Studying these Cold War entanglements enables us to place African history into a global perspective, as African actors travelled and left their footprints in the world. We come to understand what Luise White and Miles Larmer call ‘un-national histories’ of liberation, and how ‘un-national histories’ of decolonization and development were experienced from below. Finally, our focus on the African actors allows us to incorporate micro history into a macro story of regional and global economic and political processes that shaped the post-colonial African nation.
Time: Saturday, 30/06/2018, 8.30 - 10.30 am, 11 am - 1 pm
Venue: Hörsaalgebäude, HS 6
Eric Burton (University of Exeter, UK)
Marcia C. Schenck (Princeton University, USA)
Eric Burton (University of Exeter, UK)
Constantin Katsakioris (University of Bayreuth)

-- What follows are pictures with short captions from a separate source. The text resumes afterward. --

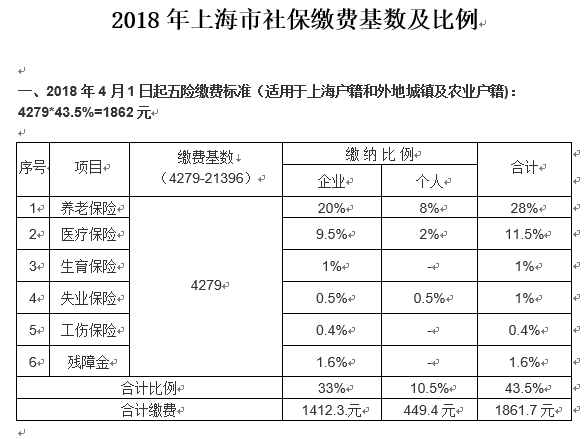 2018年上海市社保缴费基数及比例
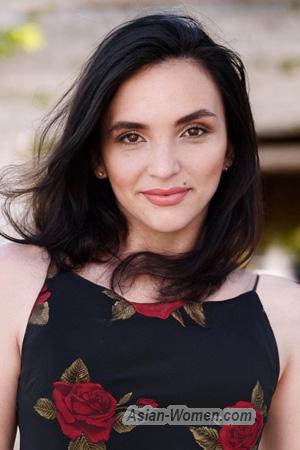 225287 - Cassandra Age: 29 - Argentina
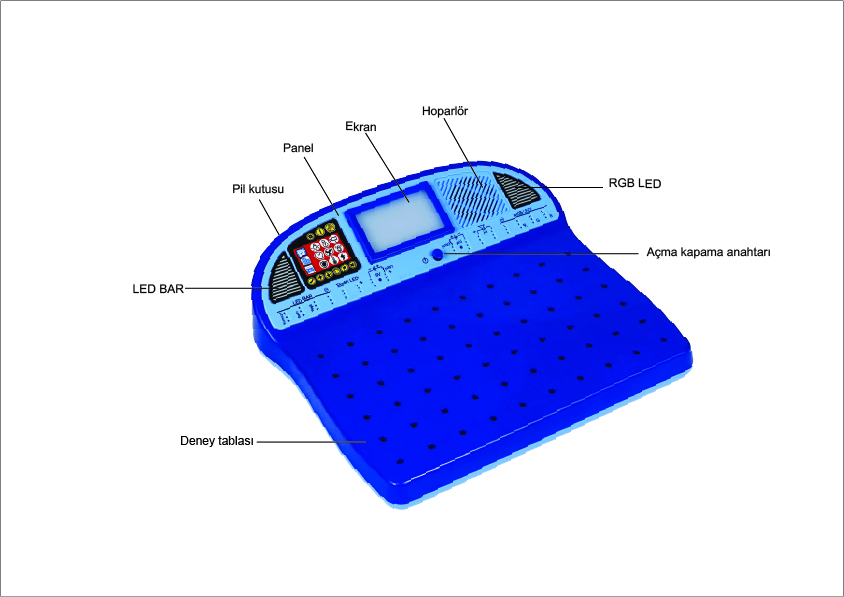 EC-100 Elektronik Kodlama -Yapay Zeka Seti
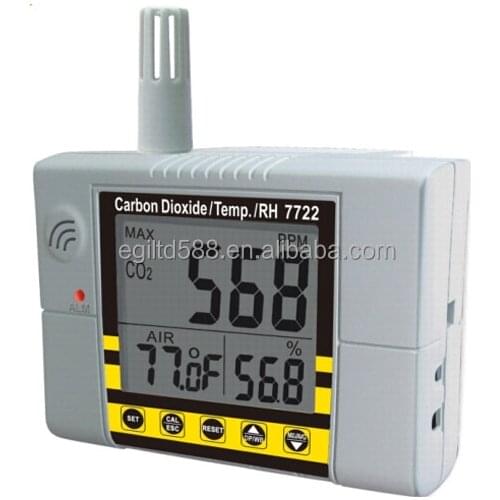 AZ7722/AZ-7722 Wall Carbon Dioxide Monitor CO2 Detector with Relay Temperature and Humidity Tester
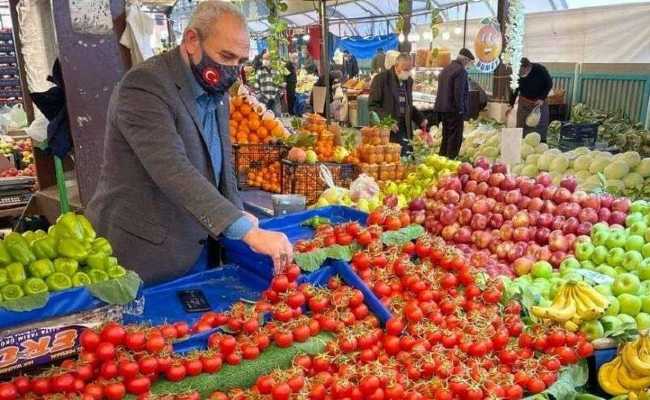 FOOD PRICES WORLD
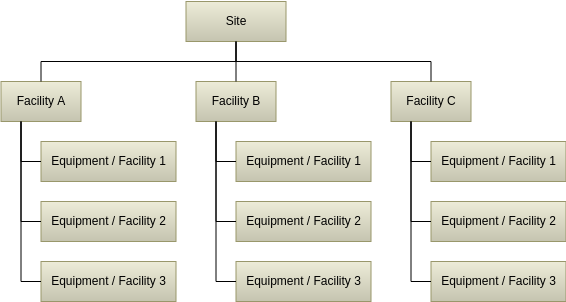 Work Breakdown Structure template: Facility Breakdown Structure Template (Created by Diagrams's Work Breakdown Structure maker)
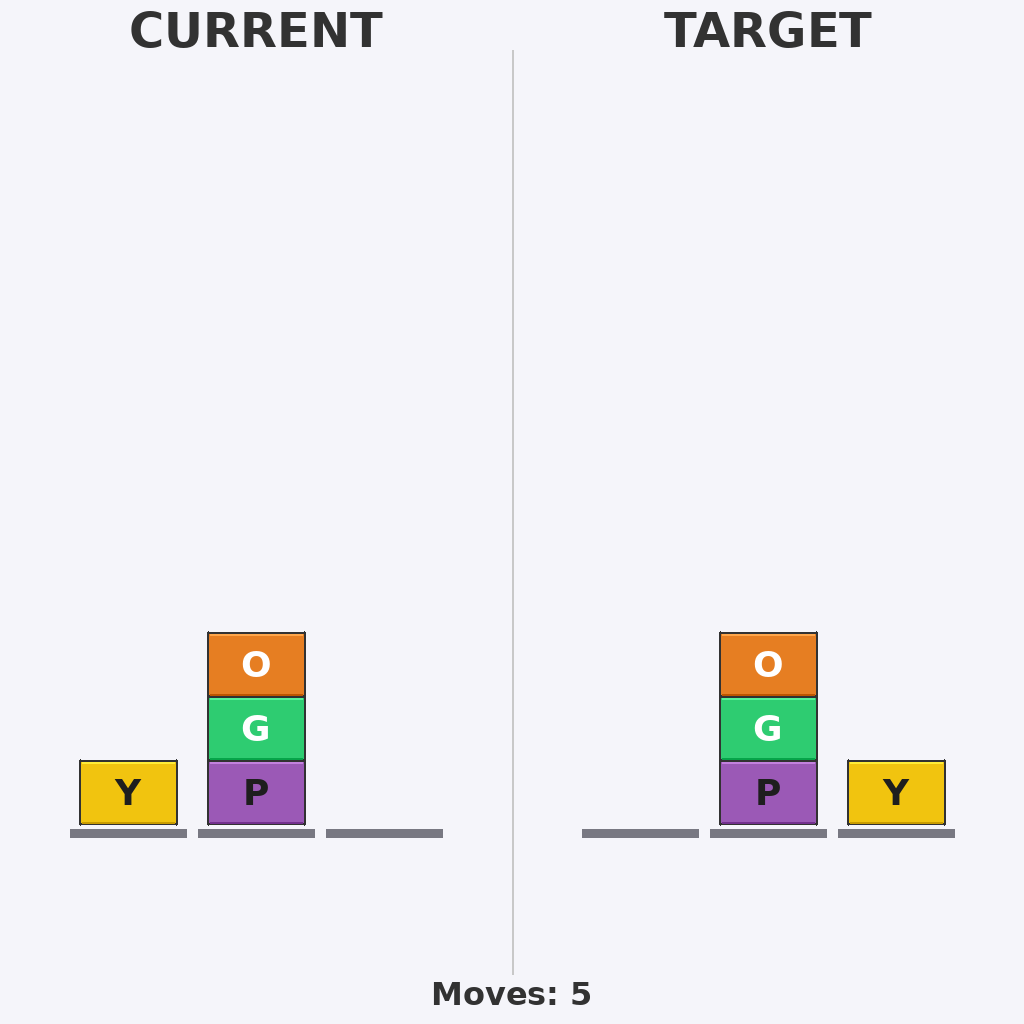 Reasoning step 5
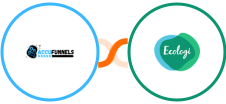 AccuFunnels + Ecologi Integration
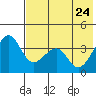 St. Catherine Cove tide chart for Sunday, May 24, 2026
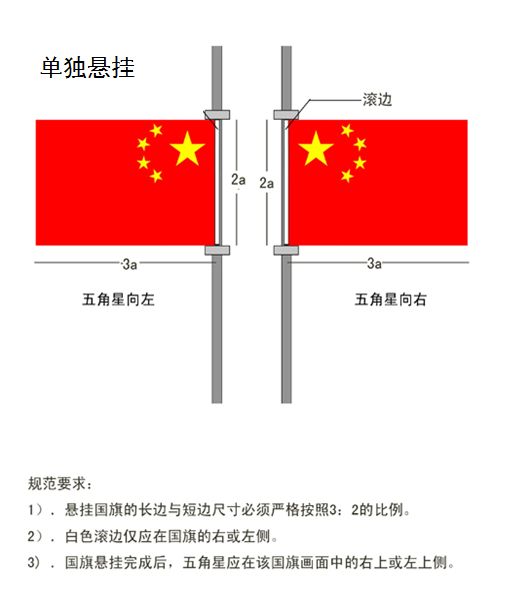 五星红旗飘扬,带你领略增城美丽颜值!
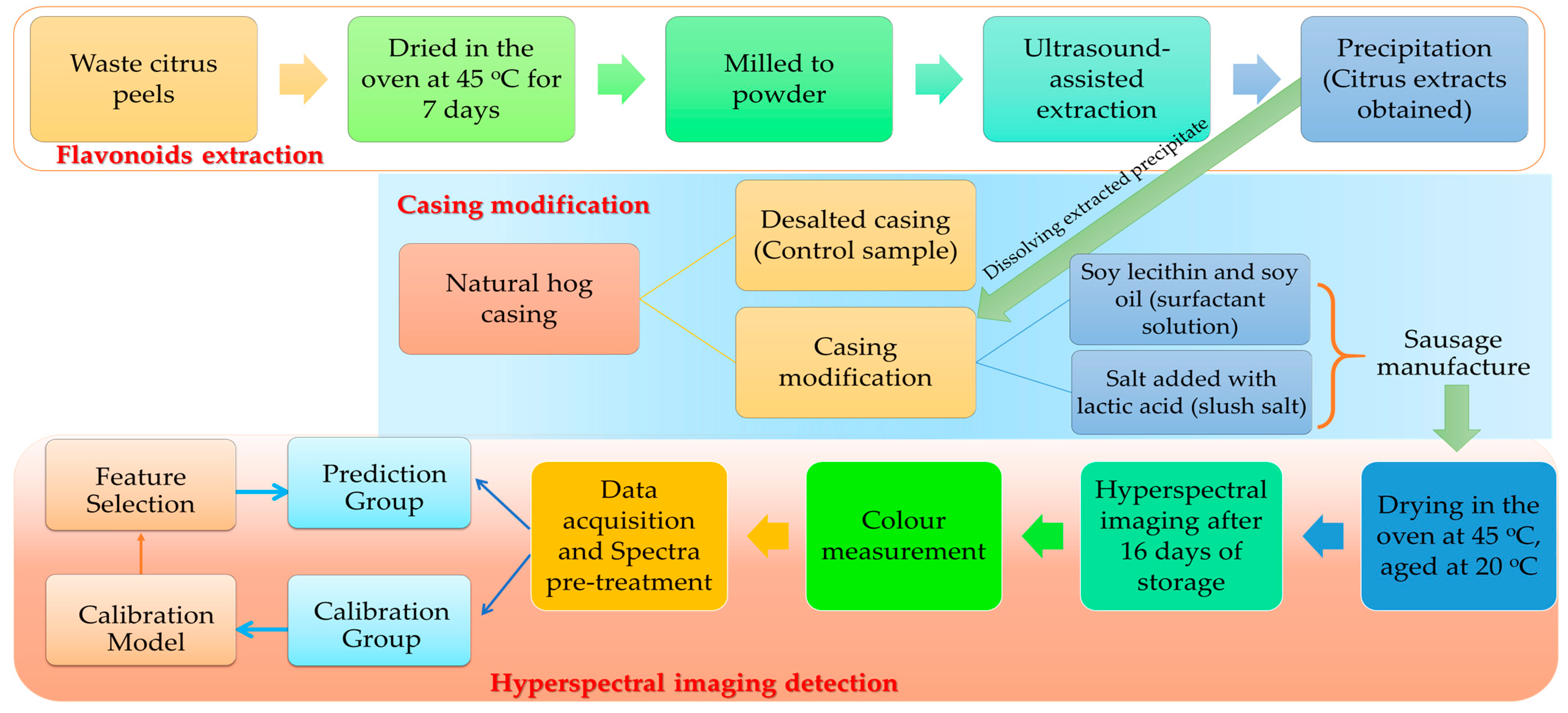 Sustainability 16 08683 g001
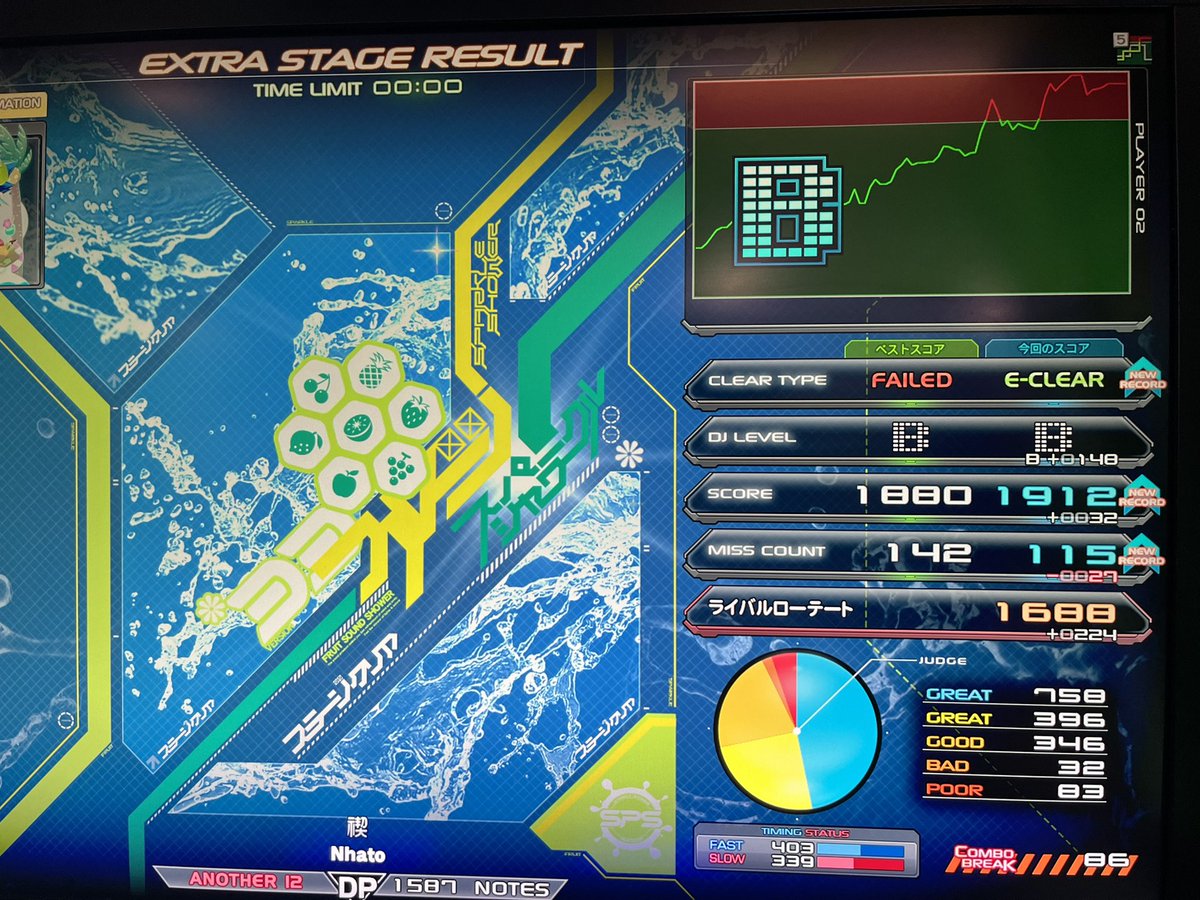 くあるてぃ(KUA*/김쿠아) tweet media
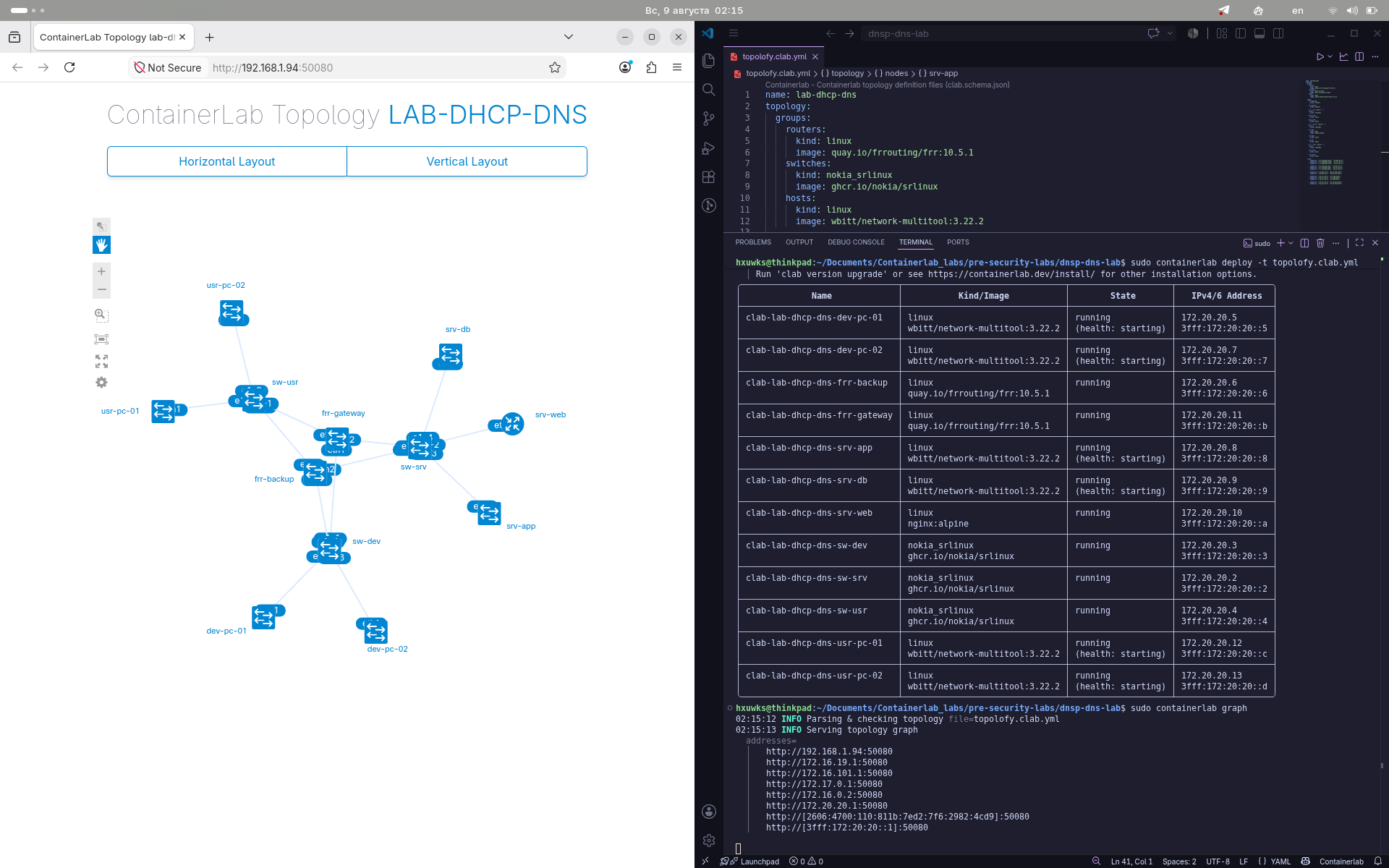 ContainerLab график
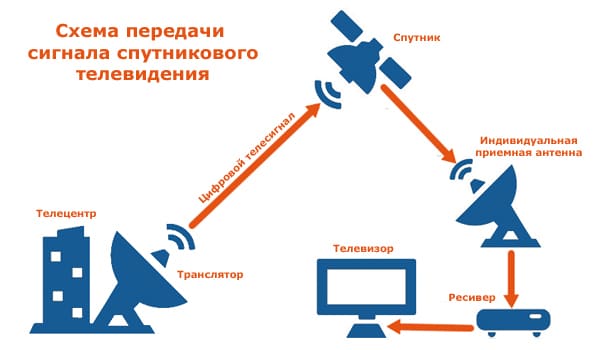 Спутники с бесплатными русскоязычными каналами - актуально на 2024 год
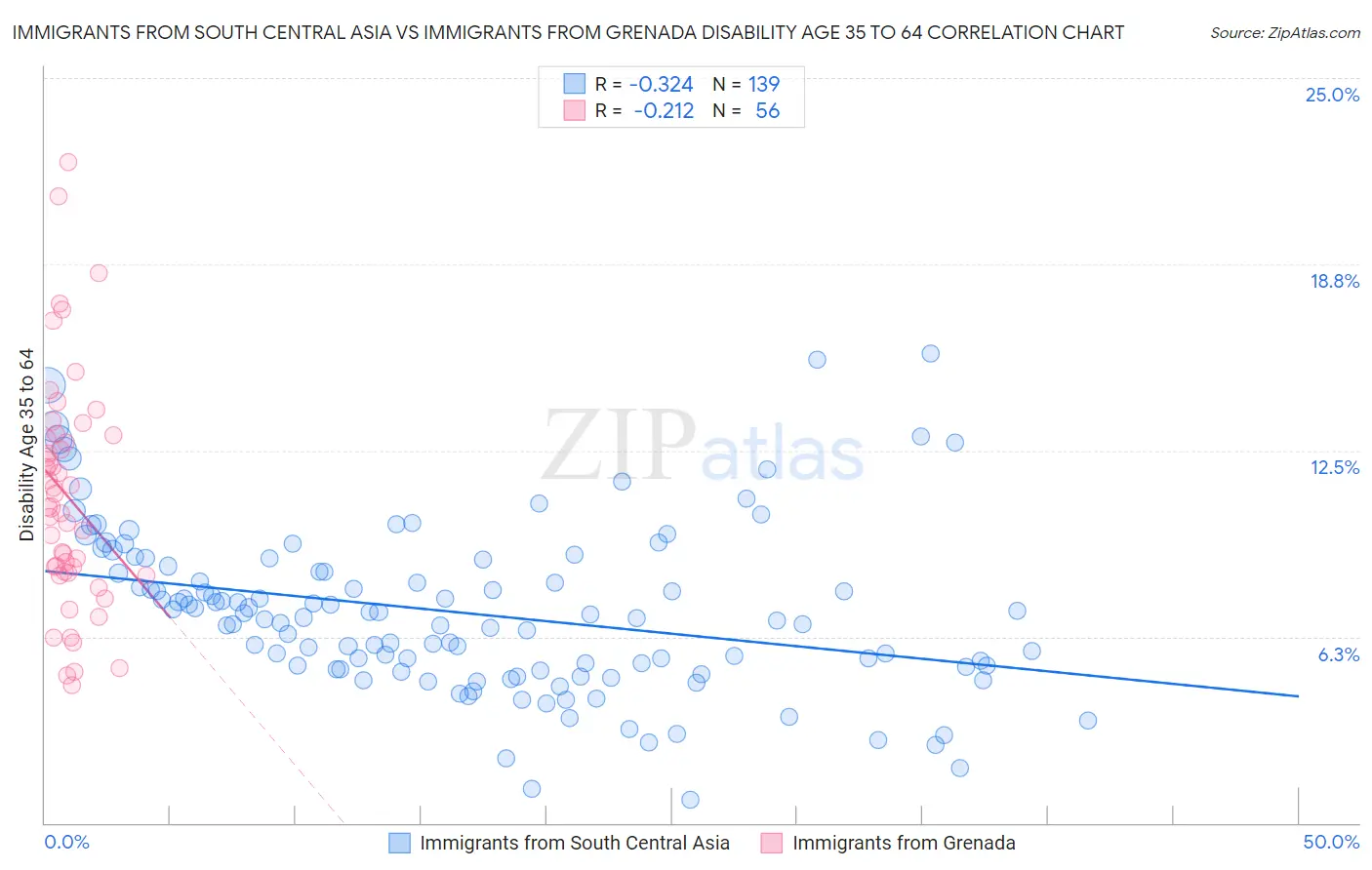 Immigrants from South Central Asia vs Immigrants from Grenada Disability Age 35 to 64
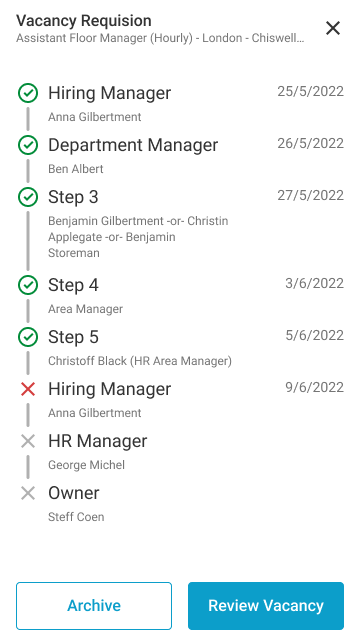 Process Pending status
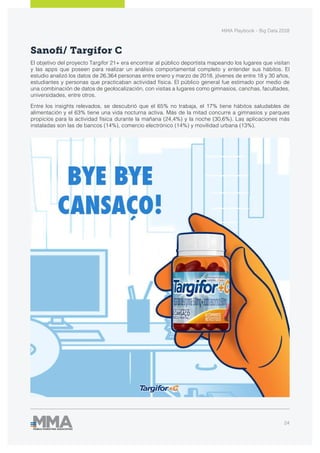 MMA Playbook - Big Data 2018
24
Sanofi/ Targifor C
El objetivo del proyecto Targifor 21+ era encontrar al público deportista mapeando los lugares que visitan
y las apps que poseen para realizar un análisis comportamental completo y entender sus hábitos. El
estudio analizó los datos de 26.364 personas entre enero y marzo de 2018, jóvenes de entre 18 y 30 años,
estudiantes y personas que practicaban actividad física. El público general fue estimado por medio de
una combinación de datos de geolocalización, con visitas a lugares como gimnasios, canchas, facultades,
universidades, entre otros.
Entre los insights relevados, se descubrió que el 65% no trabaja, el 17% tiene hábitos saludables de
alimentación y el 63% tiene una vida nocturna activa. Más de la mitad concurre a gimnasios y parques
propicios para la actividad física durante la mañana (24,4%) y la noche (30,6%). Las aplicaciones más
instaladas son las de bancos (14%), comercio electrónico (14%) y movilidad urbana (13%).
 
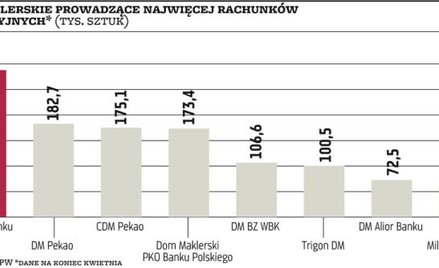 Technologia u brokerów odgrywa coraz większą rolę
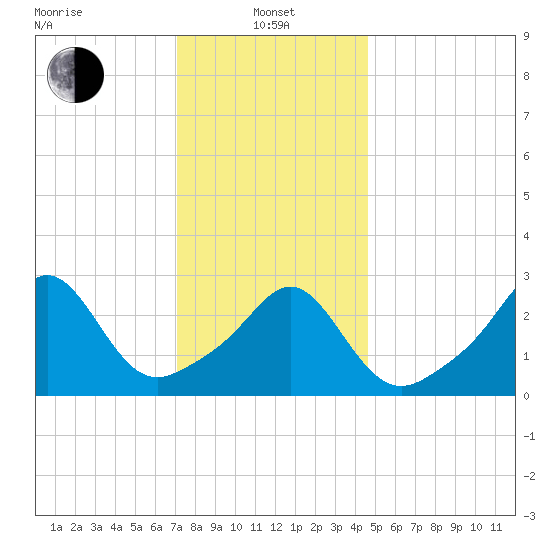 Uncatena Island South tide chart for Saturday, January 14, 2023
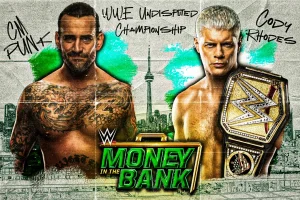 WWE Money in the Bank 2024 Predictions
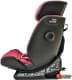 Автокресло Britax-Romer AdvansaFix IV R
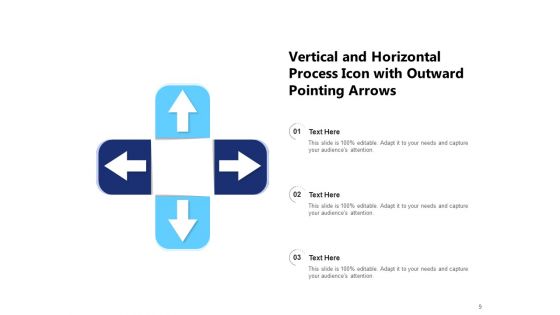 Understanding Horizontal Vs Vertical Integration Sales Ppt PowerPoint Presentation Complete Deck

Ismay Milford (European University Institute, Fiesole, Italy)
Hanna Hacker (University of Vienna, Austria)
Yuzhou Sun (University of Oxford, UK)
Holly Y. McGee (University of Cincinnati, USA)
Marcia C. Schenck (Humboldt University of Berlin)
Bars, Curtains & Pipelines: Decolonization, the Cold War, and Africans’ Clandestine Routes to Overseas Education, 1957-1965
As the process of African decolonization gained momentum in the late 1950s, education was the most promising avenue for upward social mobility – but in many territories, higher education and overseas scholarships were limited. In order to gain access to higher education, Africans forged new connections and capitalized on opportunities that opened up through the independence of neighbouring countries, networks of anti-imperialist activism, and global Cold War politics.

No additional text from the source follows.